I'd rather that my (complete) poem wasn't reduced to a mundane contest.
We are all 'winners'...
Feel free, thought, to offer your interpretations and inspirations.
Glad you like it.
Catchabula
 
  1  
Reply Mon 22 Jun, 2009 03:39 pm
@nameless,
One thing. It's a romantic conception that poetry can only grow in the individual's sad and lonely heart. A contest is not only a competition, and even if it has such an aspect the focus is on participating and not on winning. Few people know that already in ancient Greece there were poetry-olympiads. And in both East and West poetry-associations were common for centuries, and they produced poems that are still in the anthologies. The act of working collectively on the creation of beauty is undoubtably valuable and this brings me to an obvious suggestion. Why not make a Group for amateur-poets in this Forum, comparable to the Tabacco-quitters, the Humanists etc.? Could this be approved by a Mod and could I hear more about the creation of such a group? Thanks in advance for all information.

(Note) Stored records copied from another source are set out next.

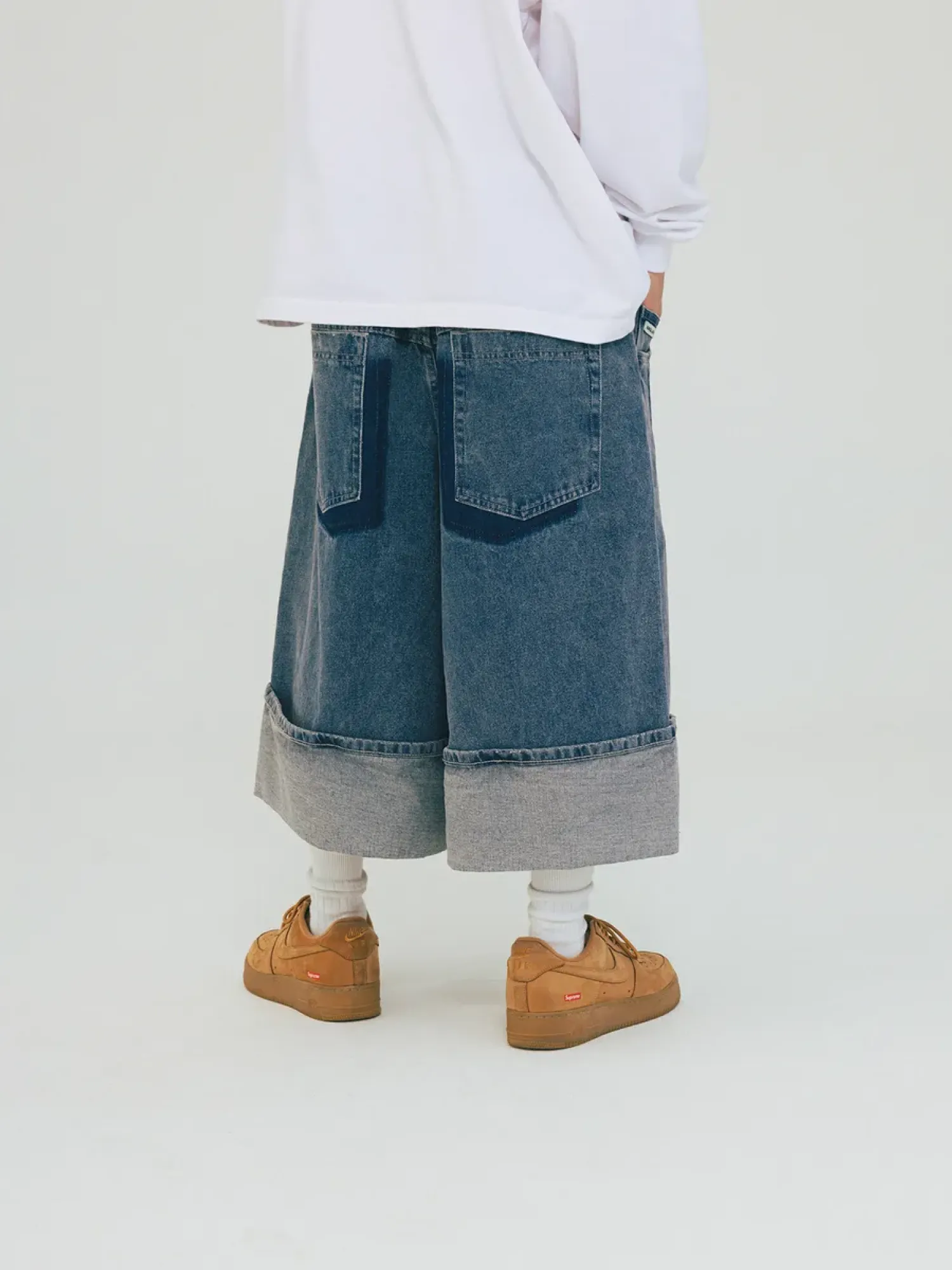 Шорты ANGLAN Turn-up Selvedge Denim Half Washed Blue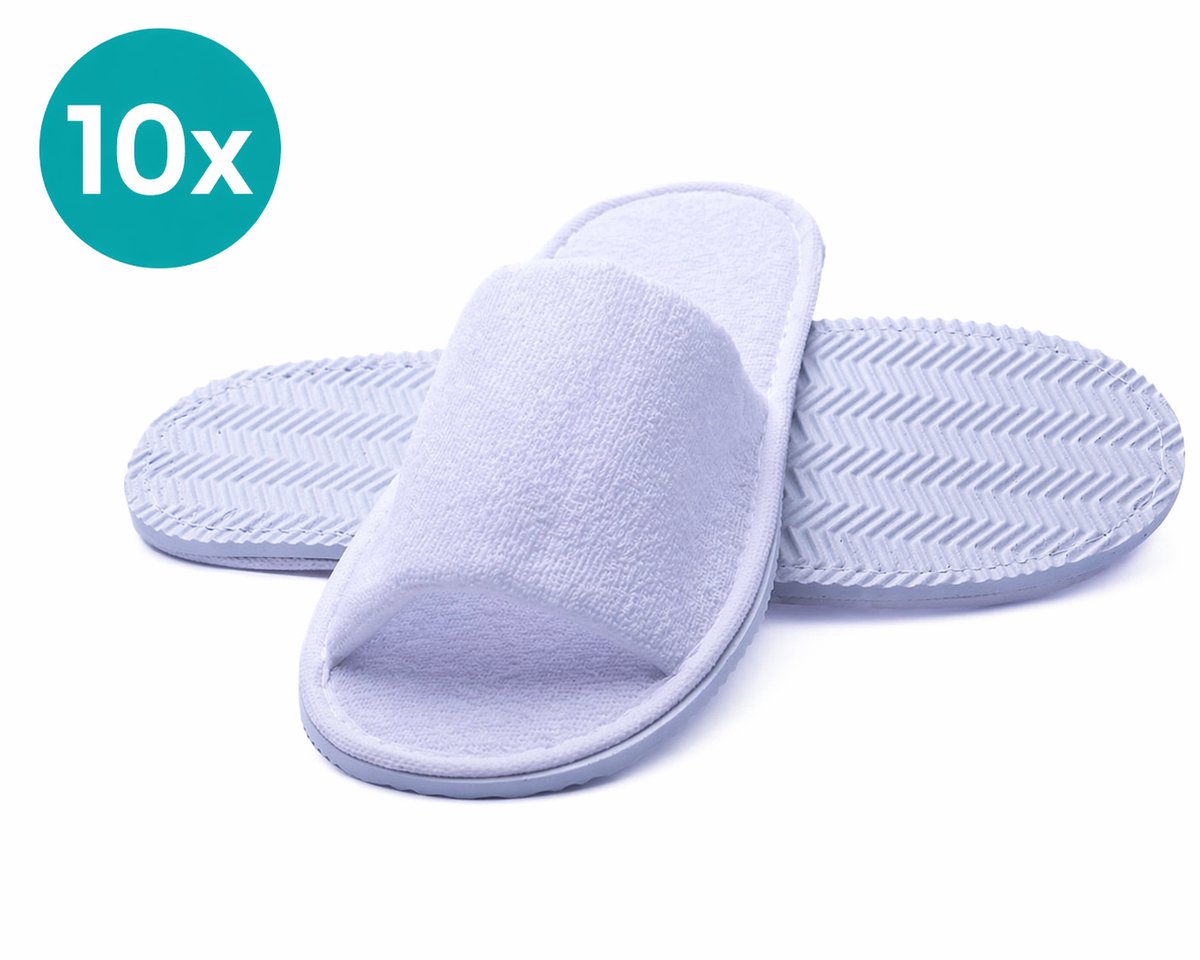 Nesto's® Hotel Slippers - Wegwerp Pantoffels - Gasten Sloffen - Sauna - Wellness - Spa - Badstof - Open Neus - Maat M (36-42) - 10 Paar - Wit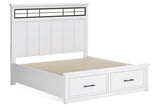 Ashbryn White/Natural King Panel Storage Bed from Ashley - Luna Furniture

Oh yes, I couldn't resist reproducing this little text here. It's a recent comment to a posting in the blog-section. Not much poetry in it, but well... I just wanted to bring it here Smile .


On poetry.

Be not a slave of rhythm and rhyme,
A song must live, not tell the time.

The deeper truth you try to say
Needs not the perfect roundelay.

Despite the pressure of the norm,
Despise the rules of outward form.

When there's no other voice around
The poet makes the proper sound.

A work of art is more than smart
When it can touch the living heart.

And in young eyes we often see
Some Brighter Light than poetry.
.
nameless
 
  1  
Reply Mon 22 Jun, 2009 07:51 pm
@Catchabula,
Catchabula;71194 wrote:
...that poetry can only grow in the individual's sad and lonely heart.

I do not support such a notion, nor did I imply such a thing by my poem.
'Poetry' grows in all sorts of soil. *__-

Quote:
f...focus is on participating and not on winning

Great, then no need for the 'contest' notion.
'Win/lose' is obsolete, the new world is a 'win/win/win' proposition.
Just imagine...
0 Replies
 
Catchabula
 
  1  
Reply Tue 23 Jun, 2009 10:28 am
@Holiday20310401,
Somebody told me in pm there is no great need for an amateur-poet group as we are already amply served by the freedom of the blog and by the creative-writing section. I agree with her view. Nevertheless I'm still tempted to do a few things with Nameless' epigram. It's kind of a tribute really. I hope he will accept the results in private ;-) .
GoshisDead
 
  1  
Reply Tue 23 Jun, 2009 10:55 am
@Catchabula,
Can't the poet section just be a subsection of the creative writing?
I might even attempt it as long as the derisatory laughter was kept to a minimum.